Un an après l'assassinat du professeur d'histoire à Conflans-Sainte-Honorine, les hommages prendront différentes formes dans les établissements scolaires ce vendredi.

Un an après l'assassinat de Samuel Paty, comment enseigne-t-on la laïcité dans les salles de classe? Alors qu'un hommage est attendu ce vendredi dans les établissements scolaires à la veille de la mort du professeur d'histoire-géographie, les enseignants abordent de diverses manière les commémorations.
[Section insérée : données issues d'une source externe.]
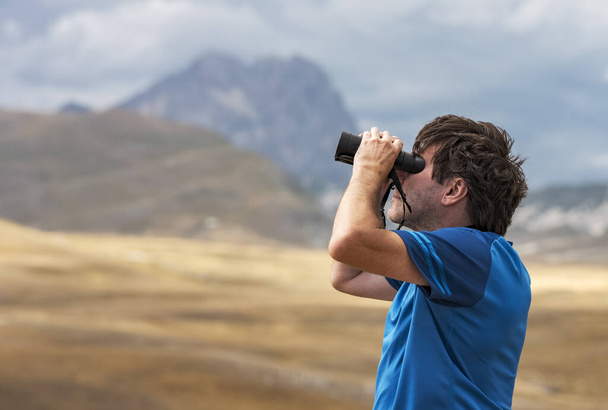 Portrait of a man standing on a mountain hill and looking into the binoculars in the distance, Campo Imperatore, Gran Sasso National Park, Abruzzo region, Italy. Travel concept. Concept of person looking to the future.  - Photo, Image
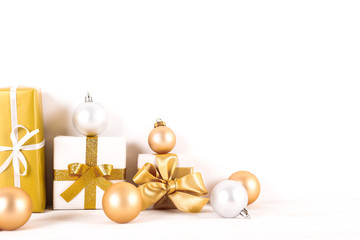 Minimalistic festive composition with wrapped presents, colorful matte christmas balls. Fancy beautiful decoration for christmas pine tree. Background, copy space, close up, front view.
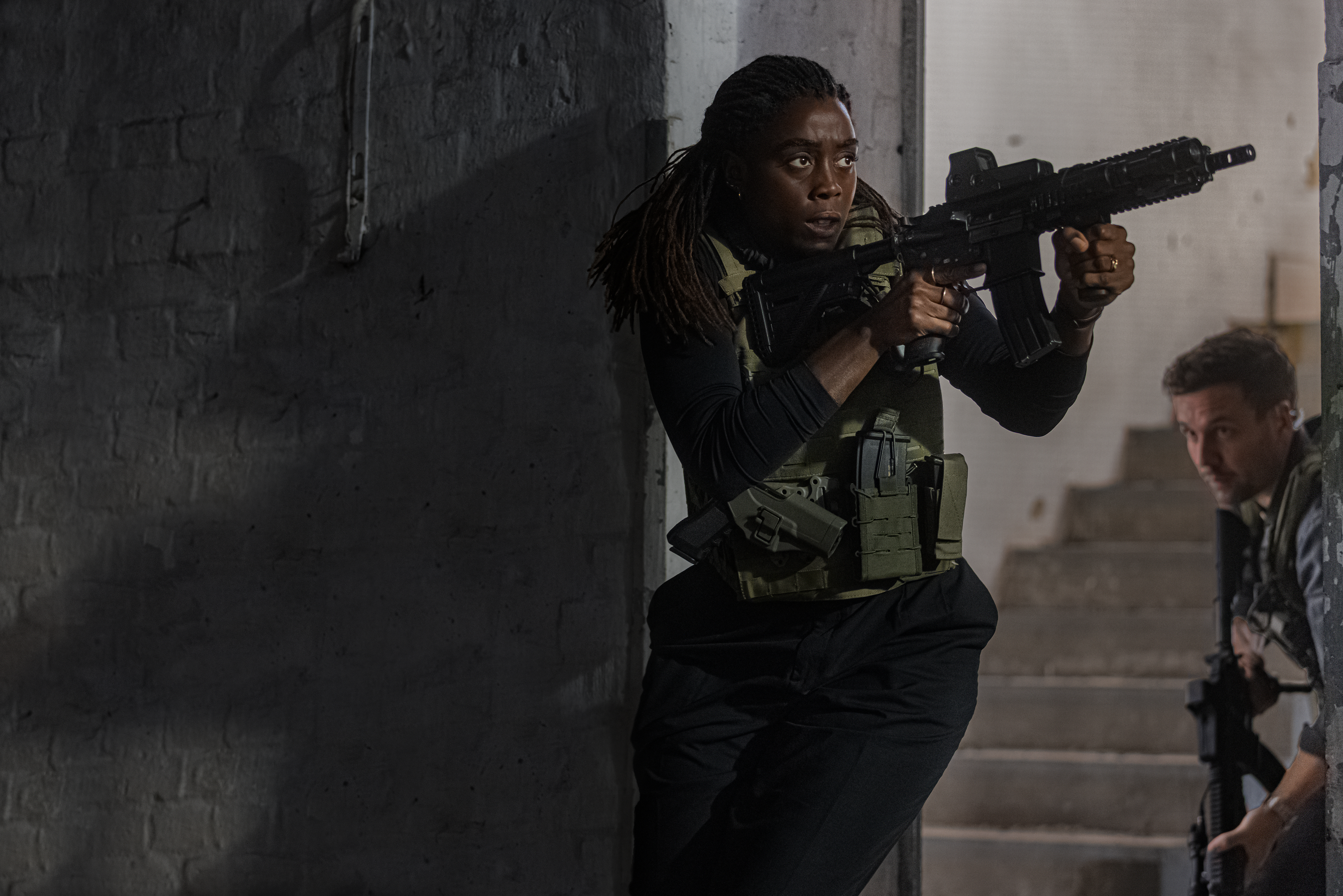 Lashana Lynch in character, with military vest and gun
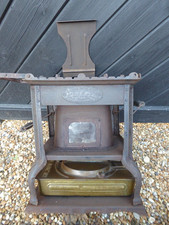 Vintage French made 'Flamme Bleue ' no.2 Stove . Cast Iron Stove with Brass base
Sandrine Mauruc est principale du collège Henri Matisse de Nice. Selon elle, il y a eu un gros travail pédagogique à faire autour du drame durant l'année écoulée. Et un hommage, venant des élèves, va être rendu au sein du rectorat de Nice, avec une photo:

"C'est un travail réalisé l'année scolaire dernière, à la suite des événements. Une classe de 4e avait effectué un travail en arts plastiques et en Français, de façon à se réapproprier et réinterpréter le tableau de Delacroix La liberté guidant le peuple. Ce travail a été retenu par le rectorat et sera dévoilé tout à l'heure, lors de l'hommage à Samuel Paty, avec l'attribution de son nom à une salle spécifique au rectorat", explique-t-elle.

La proviseure témoigne également de l'émotion ressentie par ses élèves à la suite du drame du 16 octobre 2020. Loin du fossé imaginé par beaucoup entre élèves et professeurs, bon nombre d'entre eux se sont inquiétés pour leurs enseignants et sur leur capacité à refaire classe après ce traumatisme:

"L'année scolaire dernière, beaucoup beaucoup d'élèves étaient vraiment inquiets pour leurs professeurs, et attendaient le retour de vacances avec inquiétude" assure Sandrine Mauruc. "Ils s'étaient vraiment interrogés sur ce qu'ils avaient vécu, et comment ils allaient. On a même d'anciens élèves qui ont repris contact avec leurs professeurs, notamment en histoire-géographie, pour prendre de leurs nouvelles."

"Je ne vais pas céder à la barbarie"

Pour beaucoup de professeurs, l'hommage à Samuel Paty passe avant tout par la poursuite de l'enseignement pour lequel le professeur de Conflans-Sainte-Honorine a été assassiné. Aurélia Merle d'Aubigné fait partie de ceux-là. Elle est prof d'histoire-géographie d'un lycée du XIXe arrondissement de Paris, et n'hésite pas à aborder les sujets sensibles, montrer les caricatures.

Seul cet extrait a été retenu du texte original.